Honoring: Abraham Braun

Story submitteD by: Alice Alexiou

Abraham braun

Photo: Abraham Braun

He was my grandfather, a Hungarian Jew who came to America in 1914, from an impoverished and illiterate family. One of his legs was shorter than the other by several inches, the result of an explosion in the celluloid plastics factory where he worked as a child. He never went to school, and could not write, but he taught himself to read, and when he stepped off the boat in New York, he discovered that he had a natural instinct for doing business. Abe Braun built two-family homes in Queens, lost everything in the Great Depression, then picked himself up and manufactured buttons in an industrial loft on 21st Street, and, with a handful of partners, bought into real estate in Manhattan on the cheap after World War 2. One of the buildings he owned shares in was the Flatiron Building. Abe died at age 52 of leukemia. I never knew him, but his legacy looms large in my family.
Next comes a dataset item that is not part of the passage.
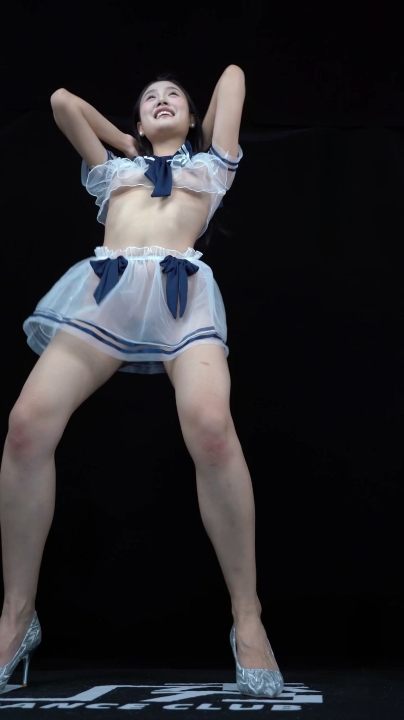 【U秀】25-7月下旬新模裸舞小合集 16V 42分钟 1.5G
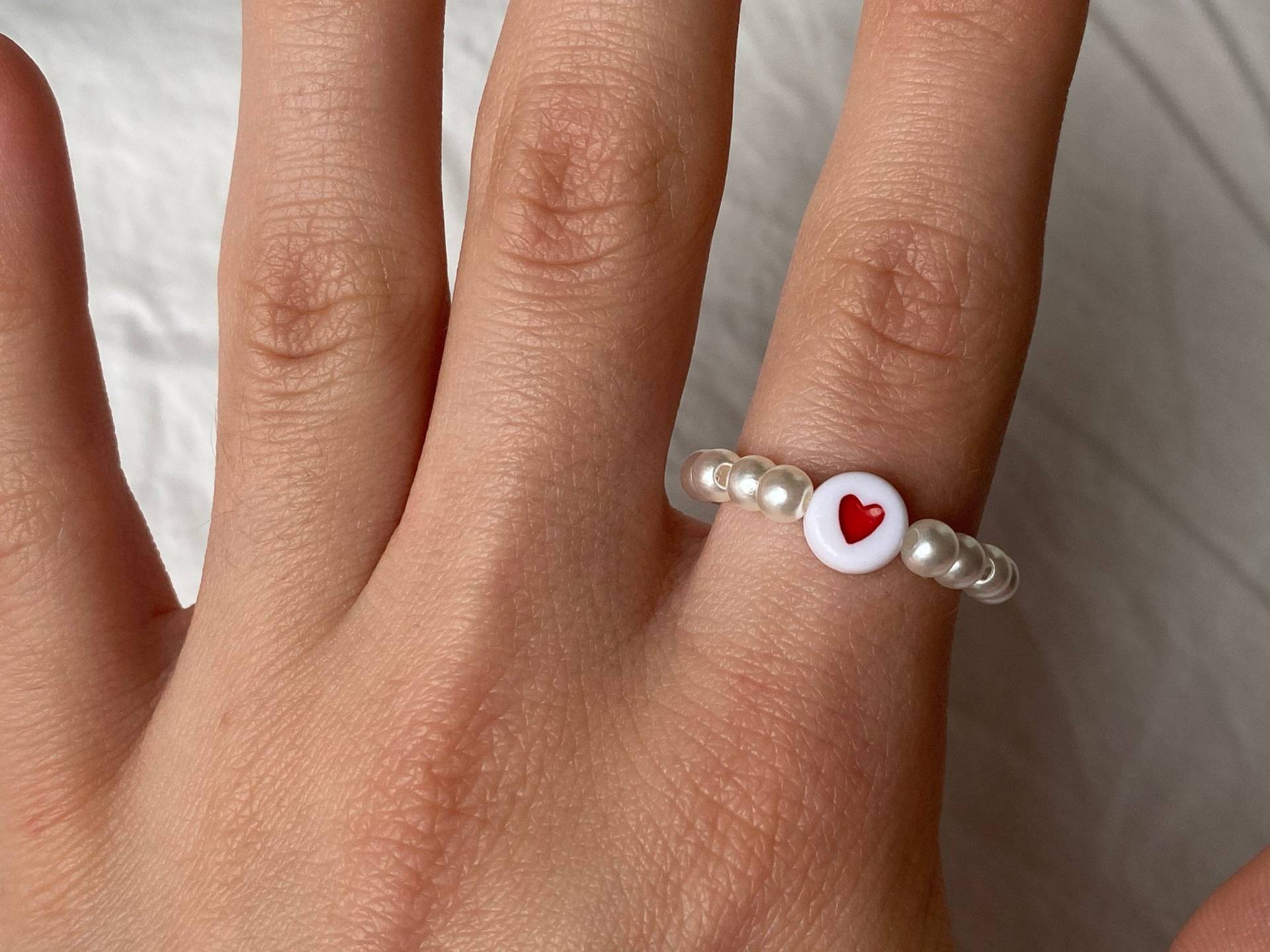 Beaded Heart Ring Beaded Heart Ring von vilovia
Abe, my mother told me, loved most of all to help others, and his business acumen gave us, his descendants, the ability to do same. My family owes so much to Abe, who found safety and ultimately prosperity in New York. The family he left behind in Hungary died in the Holocaust, and he would have been so proud to know that the gifts he bestowed on his descendants are being used to help this newest batch of immigrants get a leg up in his city, New York.